O novo CPC criou um procedimento que admite seja adquirida a propriedade mediante usucapião de caráter administrativo e que se processa perante o oficial do registro imobiliário.

O Código de Processo Civil de 2015 (art. 1.071) alterou a Lei dos Registros Públicos (Lei n. 6.015/73), introduzindo o art. 216-A, que disciplina procedimento cartorário para a usucapião, que se processa extrajudicialmente e perante o registro imobiliário.

Resumindo os termos da lei, o oficial titular da serventia, se não houver oposição, e estando a documentação em ordem, fará o registro da propriedade em nome daquele que formulou o pedido (art., 216-A, § 6º); havendo impugnação, remeterá os autos ao juiz competente da situação do imóvel (§ 10º); se a documentação não estiver em ordem, rejeitará o pedido (§8º); o interessado pode suscitar o procedimento de dúvida (art. 198 da LRP – § 7º do art. 216-A); a rejeição do pedido extrajudicial não prejudica que o interessado ajuíze ação de usucapião.

O que a Lei processual criou foi um procedimento que admite seja adquirida a propriedade mediante usucapião, de caráter administrativo e que se processa perante o oficial do registro imobiliário.
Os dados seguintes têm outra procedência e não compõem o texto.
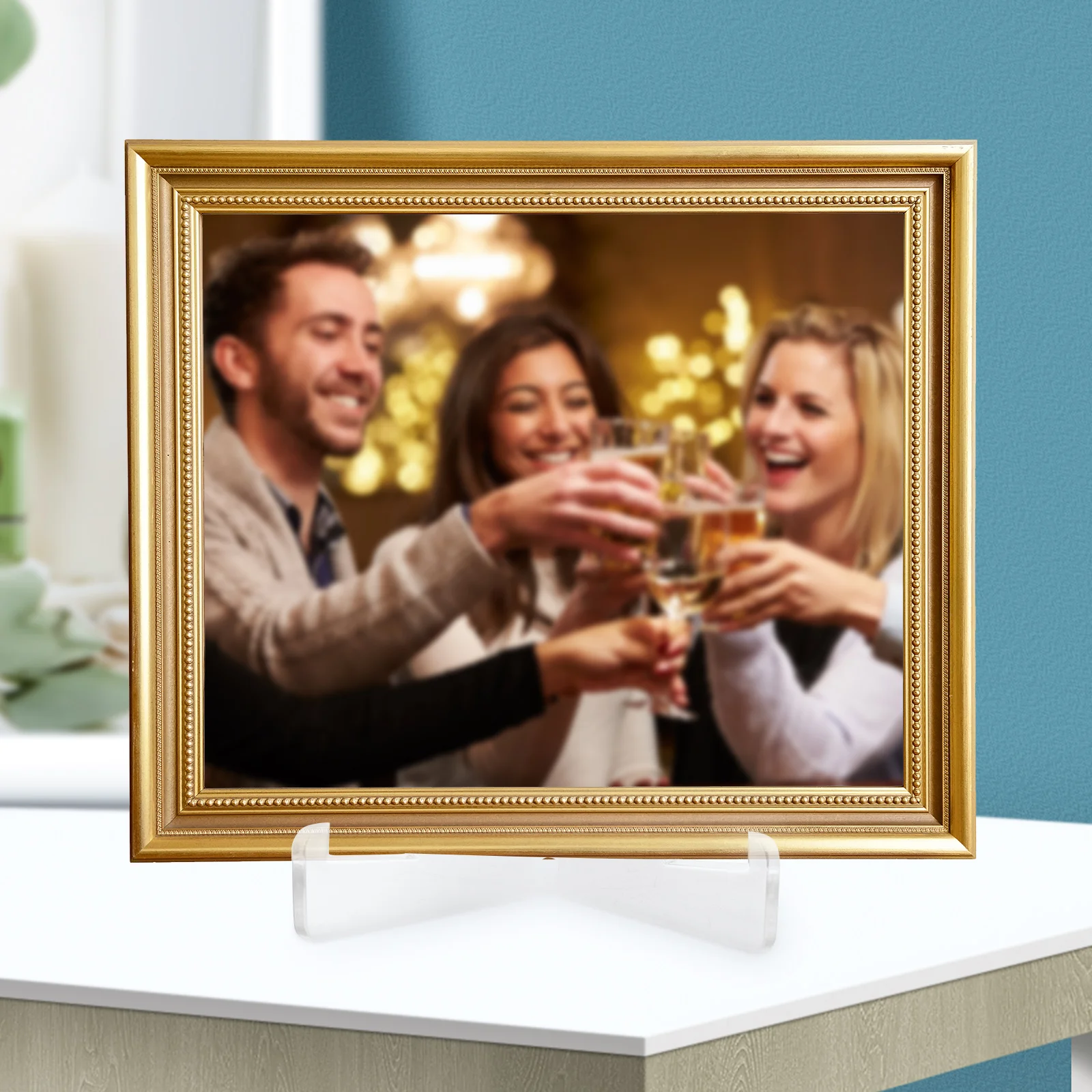 Acrylic Display St Storage Rack Holder for Photos Artwork Collector Plates Home Office Decor Small Size for Display
Acrylic Display St Storage Rack Holder for Photos Artwork Collector Plates Home Office Decor Small Size for Display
Não se criou uma nova espécie de usucapião, cuja regulamentação se faz pelo direito civil, sede dos direitos subjetivos. O que se buscou foi tornar mais pronta a obtenção da propriedade, o que não afasta o enquadramento em uma das espécies previstas no diploma civil ou no Estatuto da Cidade.

Reforço esse entendimento com a exigência do inciso IV do art. 216-A da LRP, que determina que o pedido a ser levado ao registro de imóvel seja instruído com quaisquer documentos que demonstrem o tempo da posse. Se o tempo da posse não fosse relevante, e bastasse o pedido e a prova da posse, bem como a concordância dos envolvidos – proprietário e titulares de direito real – o requisito lapso de tempo poderia ser apenas referido. O que é referendado pelo inciso I do art. 216-A, que exige que a ata notarial ateste o tempo da posse.

Acrescento, ainda, o fato de, havendo impugnação, deve o pedido ser remetido ao juízo competente, cabendo o interessado emendar a inicial para que se faça a adequação ao procedimento comum. De qualquer forma, aguardo a manifestação dos mais doutos.

O interessado será representado por advogado, e o pedido é processado perante o cartório do registro de imóveis da comarca onde estiver situado o imóvel usucapiendo. Como dito, não fica prejudicada a via jurisdicional, porque, vindo impugnação, o oficial da serventia remeterá os autos ao juízo competente. (art. 216-A, caput e § 10 da LRP)

O pedido será instruído com ata notarial, que é lavrada pelo tabelião, que atestará o tempo da posse do requerente, a de seus antecessores, o que depende do caso concreto. O inciso I faz referência à posse e suas circunstâncias o que autoriza concluir que, na ata, virá a área, limites, confrontações, localização e destinação do imóvel ao correr do tempo, em nome de quem ele está registrado, ou, se não houver registro aberto em nome de pessoa jurídica ou natural, que se cuida de proprietário incerto e não sabido. Deve, ainda, relacionar os confrontantes e os titulares de direito real.

A prudência sugere que o interessado obtenha, em outra ata, depoimento de pessoas que provem a posse e o lapso de tempo.

O inciso IV refere-se, ainda, a justo título, nas hipóteses em que a Lei civil, indique o justo título entre os requisitos da usucapião, bem como quaisquer documentos que demonstrem a origem, a continuidade, a natureza e o tempo da posse, exemplificando com o pagamento de impostos e das taxas que incidirem sobre o imóvel.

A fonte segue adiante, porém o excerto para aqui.